The list of “bad things” could range from gross but harmless spoilage to dangerous pathogens such as Clostridium botulinum. In the case of botulism, it’s the toxin produced from the bacteria that is harmful, not the bacteria itself, says Brigitte Cadieux, a postdoctoral fellow in McGill University’s Department of Food Science and Agricultural Chemistry.

“That toxin is easily deactivated by heat, which is what you do in canning. But sometimes, you can get spores, which are heat-resistant,” says Cadieux, which means you need to kill them another way. “One way we deal with it is by lowering the pH. The spores will never germinate in an acidic environment. I am French-Canadian and I do canning. We have many traditional recipes where we add vinegar to the pickling process to lower the pH.”

Many Indian pickles also use vinegar in their preparation process, but not mango pickled in mustard oil. So it’s true that the oil creates an anaerobic environment that’s perfect for Clostridium botulinum to produce toxins. This is where traditional knowledge comes in: In my Nani’s recipe, mango chunks aren’t submerged in oil until they are washed, dried, cut, salted and then further dried in the sun with the addition of spices such as turmeric powder and fenugreek, fennel and nigella seeds.

The salting process is important to take out moisture, where bacteria can flourish, and that, along with the acidity of the raw mango, might be enough to address some concerns, Warriner says. “Trouble is that sometimes people take traditional recipes and tinker with them,” he says. “You’re concerned about your salt intake, so you reduce the salt. But you need the salt to deal with the bacteria.”
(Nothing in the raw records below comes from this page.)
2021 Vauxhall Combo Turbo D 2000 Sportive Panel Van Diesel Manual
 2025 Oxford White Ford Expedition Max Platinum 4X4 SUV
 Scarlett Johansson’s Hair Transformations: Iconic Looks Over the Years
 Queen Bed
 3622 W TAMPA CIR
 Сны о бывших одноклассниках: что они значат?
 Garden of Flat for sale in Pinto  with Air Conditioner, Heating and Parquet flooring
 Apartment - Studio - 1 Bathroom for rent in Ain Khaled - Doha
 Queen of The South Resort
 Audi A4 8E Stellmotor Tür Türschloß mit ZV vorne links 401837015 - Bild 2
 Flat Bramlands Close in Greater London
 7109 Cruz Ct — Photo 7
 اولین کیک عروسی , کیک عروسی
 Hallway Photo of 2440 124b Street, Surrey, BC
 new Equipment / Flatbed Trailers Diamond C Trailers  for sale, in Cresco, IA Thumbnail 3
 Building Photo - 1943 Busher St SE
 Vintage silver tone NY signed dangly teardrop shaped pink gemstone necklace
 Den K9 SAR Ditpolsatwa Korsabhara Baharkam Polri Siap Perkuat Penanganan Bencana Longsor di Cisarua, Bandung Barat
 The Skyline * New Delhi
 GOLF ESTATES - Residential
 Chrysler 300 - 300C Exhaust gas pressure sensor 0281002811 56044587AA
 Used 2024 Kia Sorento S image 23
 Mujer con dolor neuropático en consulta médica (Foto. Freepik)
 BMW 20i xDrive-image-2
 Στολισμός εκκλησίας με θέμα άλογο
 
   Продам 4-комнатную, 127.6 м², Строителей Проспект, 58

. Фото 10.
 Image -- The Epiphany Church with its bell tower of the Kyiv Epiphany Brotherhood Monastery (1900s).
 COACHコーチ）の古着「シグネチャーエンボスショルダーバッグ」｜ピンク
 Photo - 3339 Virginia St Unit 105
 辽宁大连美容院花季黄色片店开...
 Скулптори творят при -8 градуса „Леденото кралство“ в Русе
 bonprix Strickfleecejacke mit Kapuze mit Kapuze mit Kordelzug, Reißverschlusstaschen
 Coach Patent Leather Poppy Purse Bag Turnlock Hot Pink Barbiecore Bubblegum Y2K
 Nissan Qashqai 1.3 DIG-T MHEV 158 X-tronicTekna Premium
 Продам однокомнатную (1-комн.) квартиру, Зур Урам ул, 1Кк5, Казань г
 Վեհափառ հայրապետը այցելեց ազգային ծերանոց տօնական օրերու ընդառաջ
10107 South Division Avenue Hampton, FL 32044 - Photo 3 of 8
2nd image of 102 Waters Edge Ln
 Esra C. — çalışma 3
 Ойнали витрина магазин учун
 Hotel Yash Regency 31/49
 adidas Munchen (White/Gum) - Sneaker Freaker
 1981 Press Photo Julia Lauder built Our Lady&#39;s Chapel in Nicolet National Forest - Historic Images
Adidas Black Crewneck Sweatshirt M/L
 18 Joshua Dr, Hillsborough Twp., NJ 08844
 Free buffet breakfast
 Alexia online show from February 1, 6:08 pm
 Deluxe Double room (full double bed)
I shouldn’t have adjusted Nani’s recipe: Grandma generally knows best.

Cadieux doesn’t condemn home preservation, but emphasizes that the risk of botulism is real and serious. Depending on the amount of toxin ingested, it can lead to death. “I certainly can’t give the green light on the product, but it’s possible that the growth of Clostridium botulinum is limited in this product by a combination of different factors,” she says. “There’s no way to know for sure unless measurements are made.”

Home preservers can calibrate their recipes with the help of pH paper to measure acidity and a refractometer to measure salinity – the former costs less than $10 at a hardware store, while the latter can be bought online for about $30. I’ve picked up both tools, since it can’t hurt to be more careful.

As far as mustard oil is concerned, Health Canada does consider it unacceptable for use as a food substance. That’s because it “contains erucic acid at levels that would exceed the limits specified in regulations,” the department explains in a written statement.

High levels of erucic acid can be harmful, especially for young children, says Warriner, who adds this also used to be a problem with rapeseed oil. But then, with some help from Canadian research, new strains of rapeseed were developed with lower levels of erucic acid: We know the far-less-bitter oil expressed from those strains as canola.

Mustard also contains a high level of isothiocyanate, which is a natural antimicrobial, Warriner says. “It’s what gives mustard its burn and that pungent flavour. It’s a good preservative,” he says. “I can’t imagine [mustard oil] would be harmful if ingested in small doses. Like they say with everything, ‘Moderation is key.’”

That batch of mango pickle I made was worthy of Nani’s recipe. Tart and pungent – just a smidgen of it livened up a simple meal of lentil and rice. So when I spy another batch of raw mangoes at the Indian grocery store, I am definitely going to buy a bunch.

I plan to make my oil-based pickle again, although with more reverence for science along with my love for my grandmother.